I have just checked the Internet to find the status of HTD with Windows 7 at 64 bits, and I got this message: “Information Coming Soon.”

The message did not say, “A fix is on the way.” No, it said information was on the way. I believe I am at a crossroads. The computer stays. But what about HTD? I like it and am used to it. But is this the year I give it up? I have not decided yet. (I have no relationship with HTD or its affiliates.)

This adventure causes me to see larger issues on the horizon with the state of software, not only for genealogy but for all other kinds of applications. It is this: hardware is improving faster than software. Software producers cannot keep up.
Our computer machines are developing more capacity than our software can use. And, as it often happens in a new industry, the old cannot keep up with the new. The result is that some applications are being lost. Does anyone remember Lotus? It was a database spreadsheet program like MS Excel. It has been gone for years, having quietly slipped away while no one was looking.

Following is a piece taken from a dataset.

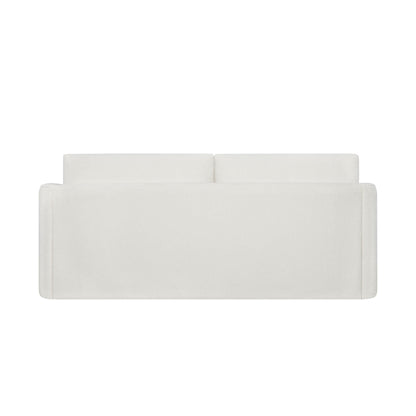 Beautiful Drew 72.2" Sofa by Drew Barrymore for Adults, Striped Linen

What is the future of genealogy programs? If they cost too much to convert to Windows 7, 8, or 9 at 64 bit and 128 bit levels, will they quietly slip away? Unable to predict the future, I can only sense that it depends on the number of users willing to pay for upgrades. Perhaps there are too many varieties of genealogy programs out there already and users will have to unite in order to have any program at all.

You may have noticed that some church groups are doing this. As attendance falls off nationally, they combine, despite some differences in theology, in order to survive. They used to complain about each other, but now they are finding that “majoring on minor” differences has been a luxury all these years.

In genealogy, we may have to begin using a program that combines certain desirable or undesirable features of other programs in order to have any program at all. It is a function of the number of users. Owners of well recognized and well utilized programs may be able to keep up with the newer hardware features. Others will fall by the wayside.

If there are too many new hardware changes, well, there are always the genealogy forms I began using twenty years ago. At least with them I did not get any “Information coming soon” messages.

*Horse Thief Directory (HTD) – An “alias” name for a popular genealogy program, wholly made up by the author.